Sue Bradford, has been part of many of the left-wing political parties which have come and gone (or stayed as the case may be) in New Zealand over the past forty years. In each case she has left disillusioned and her disillusion has been attributed at least in part to the fact that her fellow left-wingers have shyed away from serious thinking on the issues that matter. Her proposed solution is a "left-wing think tank" which appears to be something akin to a political party consisting of professional thinkers without any direct connection to the mass of the public, or any involvement in political processes.

Whether the think tank proposal is designed to provide a last line of defence and a citadel from which the left may re-emerge armed with new thinking with which to engage the forces of the right on more equal terms, or whether to provide a comfortable refuge for those old warriors of the left who have been defeated in the political arena, might be a subject of contention, but most of us would opt for the former view.

Despite that, there will be obstacles in the path of such an initiative. Even if the funds can be found to launch and sustain the left-wing think tank project, the essential element of "thought" may be lacking. If the left is incapable of profound thought in its many and various existing parties and associations, why would things be any different when a selection of those same individuals who presently make up the left are assembled under the banner of a "think tank"? Would the name itself make the difference?
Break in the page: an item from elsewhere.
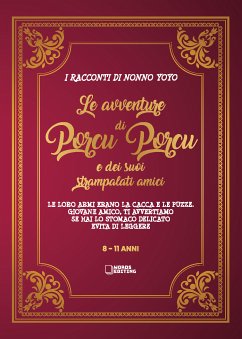 Le avventure di Porcu Porcu e dei suoi strampalati amici (eBook, ePUB) - Polimeni, Massimo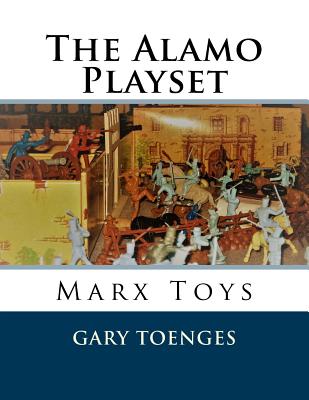 The Alamo Playset: Marx Toys - Gary Toenges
Would the selective nature of its membership make a difference? I suspect that neither would be the case. If the left is not capable of creating a coherent, cohesive and astute political movement or party, why should we expect it to be able to establish a think tank which would be all those things?
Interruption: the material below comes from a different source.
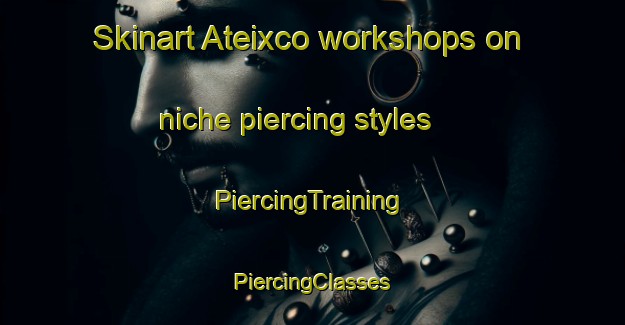 Skinart Ateixco workshops on niche piercing styles | #PiercingTraining #PiercingClasses #SkinartTraining-Mexico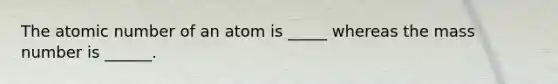 The atomic number of an atom is _____ whereas the mass number is ______.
It is as well to remember that the right wing and centrist think tanks exist in an environment where there are large, well organised right-wing and centrist political parties. These think tanks have grown out of the political success of the right-wing, and not out of failure, and their elitist structure is wholly consistent with the fundamental political tenets of the right. It is wrong to assume that in a quite different environment, and for quite different reasons, a left-wing think tank could enjoy a comparable level of success.

Sue suggests that the left too often engages in mindless activism, and that the need is for "thinking". She is indulging in hyperbole of course. Left wing activists do think. They just don't think critically enough and often enough. They don't seriously question their own assumptions, strategies and objectives, they don't objectively review the realities of the world and, crucially, most fail to seriously engage with those who among their number who do attempt to think critically. 

They devote too much of their energy in ultimately futile attempts to variously shout down, collaborate with or emulate the parties of the right. From street protests outside National Party conferences, to the Green Party efforts to create a cross-party parliamentary consensus, and now the call for a "left-wing think tank" Sue has figured prominently in all those strategies. There have been some successes along the way - the "no-smacking law" and "homosexual marriage" being two examples - but I feel that Sue herself would feel frustrated by her failure to achieve more. 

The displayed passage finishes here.